■ **Your instructions**
Nothing but the lines below from the one with "Iñigo Urkullu y" through the one with "BMW X3 xDrive" should be output, each exactly as given, and no pictures.

■ **Data under study**
= Beginning of Section =

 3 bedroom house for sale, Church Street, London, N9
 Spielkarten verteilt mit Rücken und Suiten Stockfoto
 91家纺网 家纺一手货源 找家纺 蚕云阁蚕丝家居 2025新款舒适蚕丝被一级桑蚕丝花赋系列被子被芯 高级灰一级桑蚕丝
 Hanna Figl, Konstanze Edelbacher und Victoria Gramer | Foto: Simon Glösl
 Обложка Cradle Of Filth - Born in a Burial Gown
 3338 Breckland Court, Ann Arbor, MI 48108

= End of Section =
= Beginning of Section =

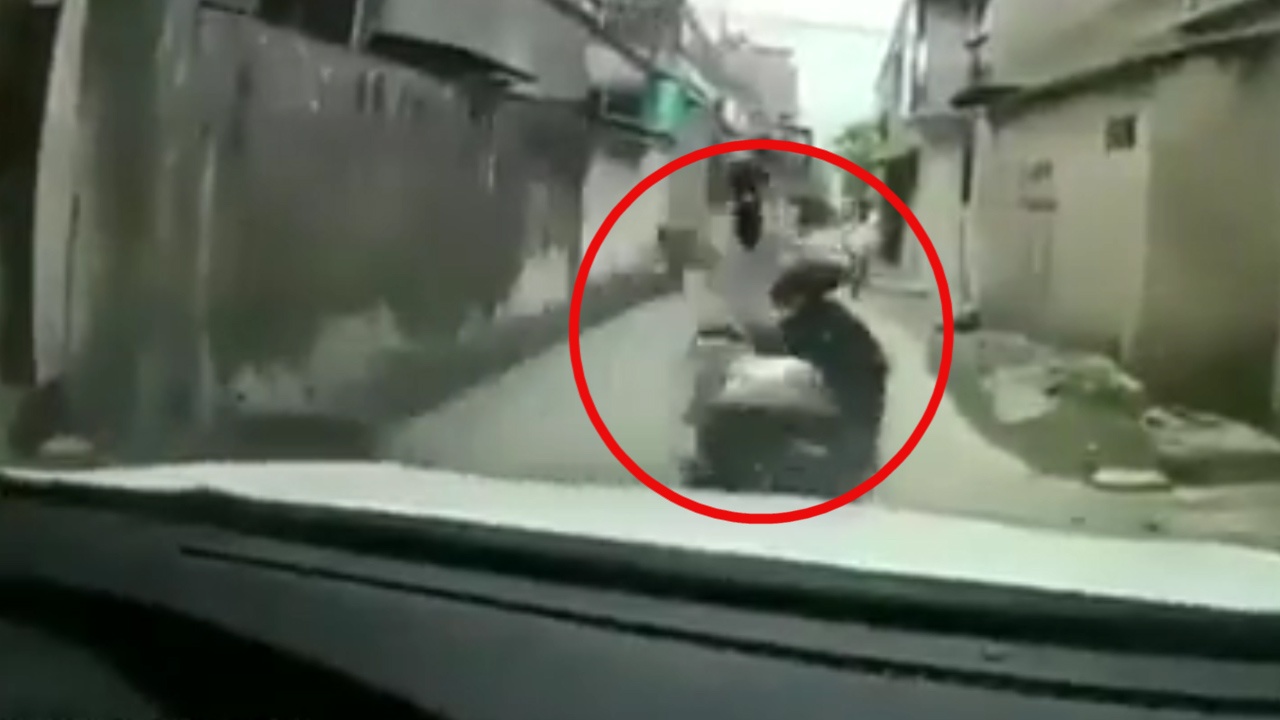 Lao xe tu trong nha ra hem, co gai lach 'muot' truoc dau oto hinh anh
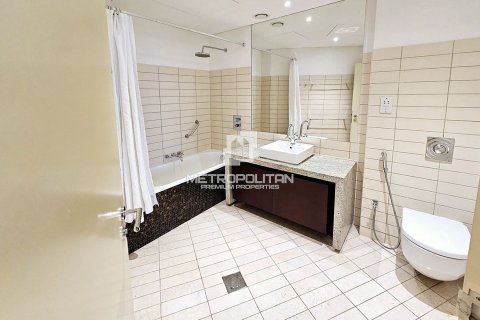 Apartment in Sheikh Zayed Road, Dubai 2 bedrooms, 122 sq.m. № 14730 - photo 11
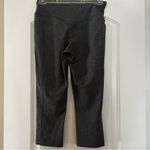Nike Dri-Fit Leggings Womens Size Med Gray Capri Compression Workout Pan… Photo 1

= End of Section =
= Beginning of Section =

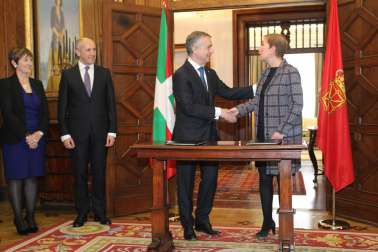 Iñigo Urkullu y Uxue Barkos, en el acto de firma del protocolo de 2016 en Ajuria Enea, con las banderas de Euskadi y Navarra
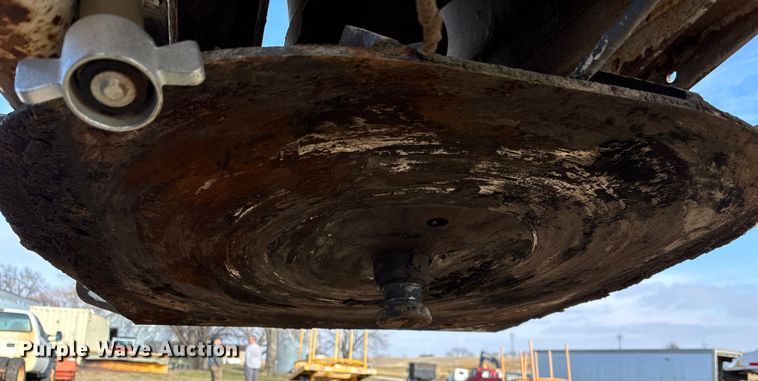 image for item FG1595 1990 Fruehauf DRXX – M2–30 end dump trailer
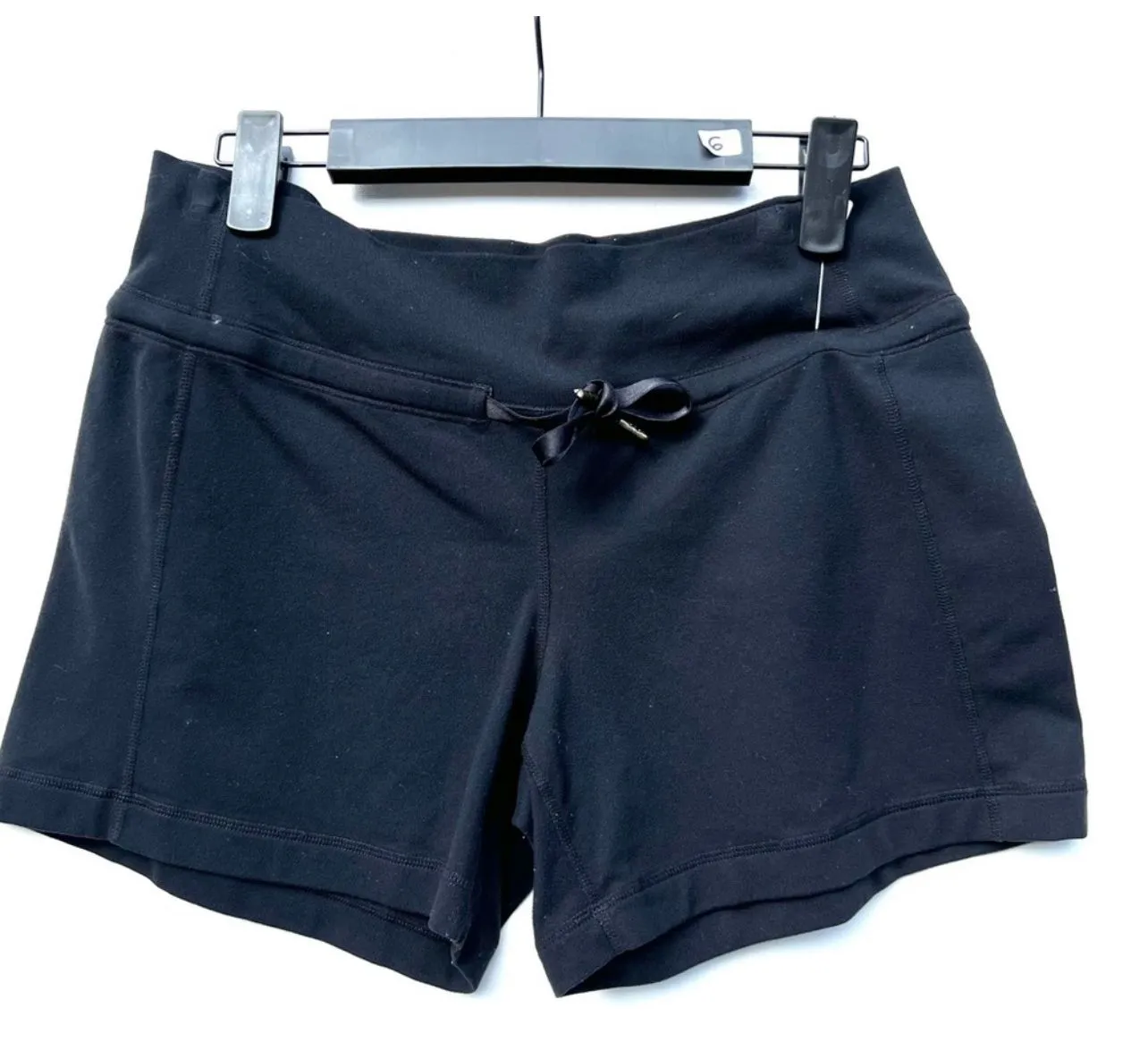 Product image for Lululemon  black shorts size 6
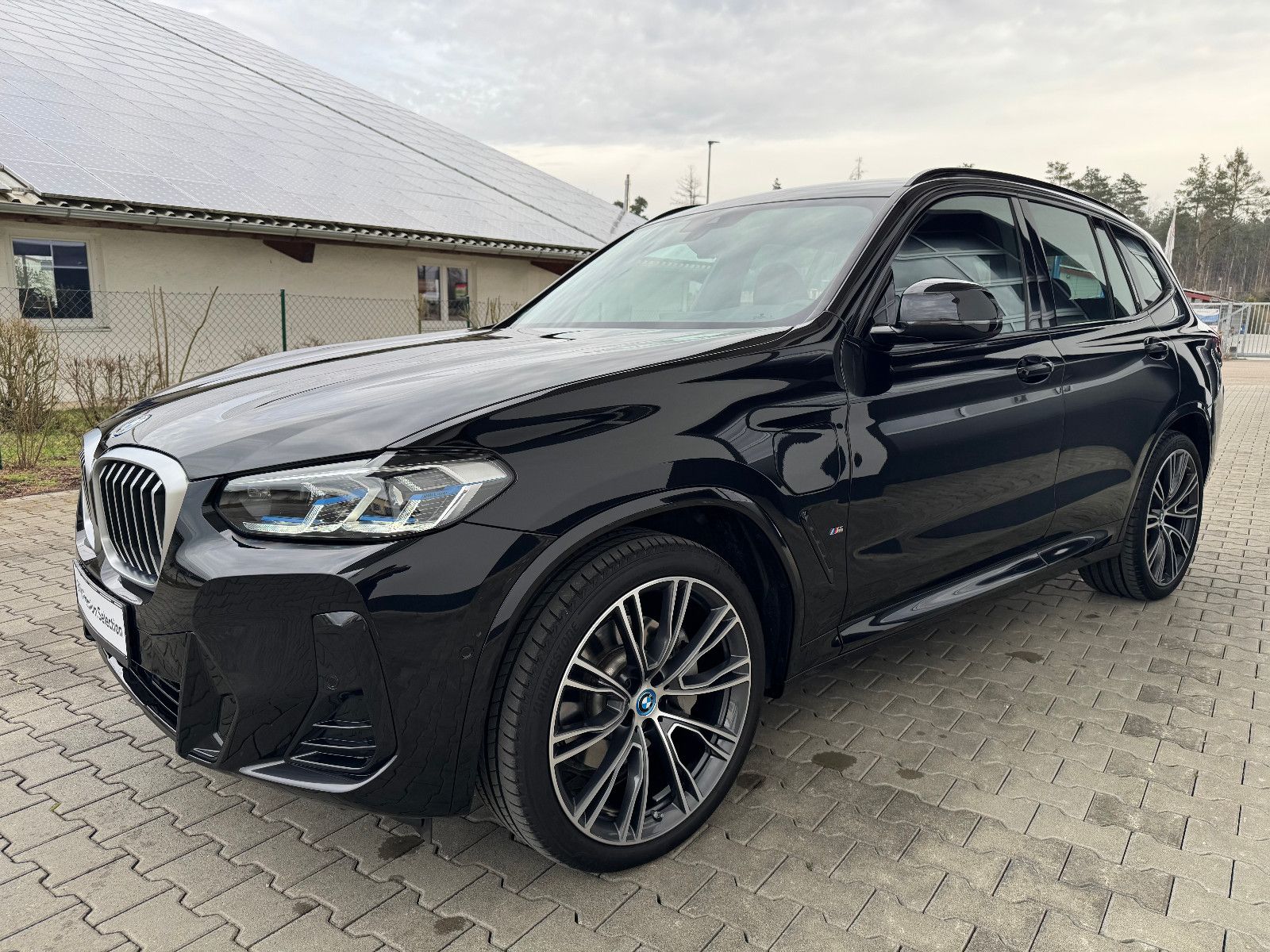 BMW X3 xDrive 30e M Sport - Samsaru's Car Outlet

= End of Section =

■ **Response for this exercise**
 Iñigo Urkullu y Uxue Barkos, en el acto de firma del protocolo de 2016 en Ajuria Enea, con las banderas de Euskadi y Navarra
 image for item FG1595 1990 Fruehauf DRXX – M2–30 end dump trailer
 Product image for Lululemon  black shorts size 6
 BMW X3 xDrive 30e M Sport - Samsaru's Car Outlet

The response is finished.